As important, as difficult and as controversial as such issues are,
what the Catholic Church is truly centered on
(as is the whole of Christianity)
is the person of Jesus Christ, the life he offers us
and the fire of faith he invites us to share.

People ask me questions, too:
“Why do you remain a Catholic priest?
Do you believe in all that stuff.”
My answer is that I’m a Christian precisely because
I believe in “all that stuff” in the gospel of Jesus.
And I’m a Catholic because I believe that this Church has,
for 2,000 years, struggled to preach and live Christ’s gospel.
And I freely acknowledge that this struggle
has known sad, sinful and tragically regrettable times
as well as times of wisdom, truth and grace.

But most of all, I am a Catholic Christian
because of what we are doing here, this morning,
in word and sacrament.
I am blessed to be part of a community of believers
which traces its beginnings
to a supper, one night in an upper room, in Jerusalem
where Jesus, a faithful Jew, took bread and wine for Passover,
and broke, blessed and shared it with his friends
and asked them and now us to do the same in memory of him.

That’s the heart of it all for me
and at the heart of that meal
is the loving sacrifice of the heart of Jesus.

May the faith which has gathered us together at this table
open itself widely and warmly to welcome many more to join us.

May that faith be like a fire in our hearts:
a flame ignited by Christ and fueled by his Spirit.

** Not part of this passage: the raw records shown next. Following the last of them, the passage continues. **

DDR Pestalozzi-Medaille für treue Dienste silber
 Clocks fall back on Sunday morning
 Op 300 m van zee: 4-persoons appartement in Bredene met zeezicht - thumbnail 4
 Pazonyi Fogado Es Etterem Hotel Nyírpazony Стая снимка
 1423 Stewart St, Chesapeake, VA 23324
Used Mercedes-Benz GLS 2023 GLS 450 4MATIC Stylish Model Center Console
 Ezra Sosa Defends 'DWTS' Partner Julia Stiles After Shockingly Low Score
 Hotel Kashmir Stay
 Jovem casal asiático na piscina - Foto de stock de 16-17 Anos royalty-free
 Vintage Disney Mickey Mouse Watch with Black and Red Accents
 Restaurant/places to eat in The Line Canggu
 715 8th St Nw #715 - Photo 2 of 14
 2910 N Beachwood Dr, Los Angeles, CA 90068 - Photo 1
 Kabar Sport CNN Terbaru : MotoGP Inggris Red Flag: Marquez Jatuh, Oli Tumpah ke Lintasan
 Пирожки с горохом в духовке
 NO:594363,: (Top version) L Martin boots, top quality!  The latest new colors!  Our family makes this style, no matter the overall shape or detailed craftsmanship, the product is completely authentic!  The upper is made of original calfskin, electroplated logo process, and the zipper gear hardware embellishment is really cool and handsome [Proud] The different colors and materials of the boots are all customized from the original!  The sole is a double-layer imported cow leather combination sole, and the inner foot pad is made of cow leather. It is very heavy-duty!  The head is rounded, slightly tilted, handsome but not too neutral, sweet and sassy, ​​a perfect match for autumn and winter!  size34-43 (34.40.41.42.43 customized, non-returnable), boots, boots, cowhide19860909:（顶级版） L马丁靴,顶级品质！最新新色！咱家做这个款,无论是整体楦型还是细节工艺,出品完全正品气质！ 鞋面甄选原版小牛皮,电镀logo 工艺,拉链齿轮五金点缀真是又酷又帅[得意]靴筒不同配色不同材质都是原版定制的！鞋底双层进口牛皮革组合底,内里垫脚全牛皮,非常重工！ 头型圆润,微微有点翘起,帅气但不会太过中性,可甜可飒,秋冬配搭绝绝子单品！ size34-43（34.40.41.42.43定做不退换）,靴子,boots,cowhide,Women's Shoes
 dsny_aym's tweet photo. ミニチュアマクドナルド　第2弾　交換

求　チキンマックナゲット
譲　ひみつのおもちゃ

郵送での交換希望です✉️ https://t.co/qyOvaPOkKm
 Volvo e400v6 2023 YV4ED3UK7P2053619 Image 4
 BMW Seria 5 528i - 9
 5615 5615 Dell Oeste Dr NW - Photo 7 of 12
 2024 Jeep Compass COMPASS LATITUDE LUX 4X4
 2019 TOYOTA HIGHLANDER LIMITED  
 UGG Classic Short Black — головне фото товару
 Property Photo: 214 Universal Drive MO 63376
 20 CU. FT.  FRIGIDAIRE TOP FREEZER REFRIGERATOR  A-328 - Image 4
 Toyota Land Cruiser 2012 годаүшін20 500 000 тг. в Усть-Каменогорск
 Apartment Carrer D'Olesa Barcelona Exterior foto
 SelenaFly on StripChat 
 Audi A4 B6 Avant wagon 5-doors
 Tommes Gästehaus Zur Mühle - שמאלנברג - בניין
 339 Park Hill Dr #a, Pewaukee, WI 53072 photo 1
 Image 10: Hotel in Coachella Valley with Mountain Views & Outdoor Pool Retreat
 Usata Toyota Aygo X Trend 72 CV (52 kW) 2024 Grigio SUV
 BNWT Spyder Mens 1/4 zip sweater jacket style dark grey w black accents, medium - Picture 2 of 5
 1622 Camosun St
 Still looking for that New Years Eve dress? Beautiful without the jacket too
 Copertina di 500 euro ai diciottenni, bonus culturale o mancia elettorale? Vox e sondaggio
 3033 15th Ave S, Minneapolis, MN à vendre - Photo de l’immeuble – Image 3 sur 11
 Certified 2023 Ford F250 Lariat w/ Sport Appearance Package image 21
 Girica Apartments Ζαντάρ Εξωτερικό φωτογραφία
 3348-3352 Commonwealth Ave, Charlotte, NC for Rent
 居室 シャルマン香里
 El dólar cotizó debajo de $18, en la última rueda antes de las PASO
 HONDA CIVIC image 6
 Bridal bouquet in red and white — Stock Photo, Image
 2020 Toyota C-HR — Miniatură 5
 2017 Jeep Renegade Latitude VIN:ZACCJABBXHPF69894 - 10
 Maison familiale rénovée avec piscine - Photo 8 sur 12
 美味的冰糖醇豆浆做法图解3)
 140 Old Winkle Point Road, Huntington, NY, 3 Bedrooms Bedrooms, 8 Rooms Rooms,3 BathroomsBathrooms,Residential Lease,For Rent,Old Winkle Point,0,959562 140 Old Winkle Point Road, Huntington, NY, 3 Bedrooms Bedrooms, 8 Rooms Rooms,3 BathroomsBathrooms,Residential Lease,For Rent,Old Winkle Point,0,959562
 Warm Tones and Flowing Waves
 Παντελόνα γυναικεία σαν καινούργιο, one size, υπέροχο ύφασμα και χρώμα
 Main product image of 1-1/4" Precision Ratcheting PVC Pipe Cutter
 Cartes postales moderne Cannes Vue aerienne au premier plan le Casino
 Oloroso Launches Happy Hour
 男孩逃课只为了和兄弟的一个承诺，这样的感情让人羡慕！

And in the words of the Letter to the Hebrews, may we
“persevere in running the race that lies before us
while keeping our eyes fixed on Jesus,
the leader and perfecter of faith.”


So: why are YOU still a Catholic? why do YOU go to Mass? do YOU still believe in "all that stuff?"

No comments:

Post a Comment

Please THINK before you write
and PRAY before you think!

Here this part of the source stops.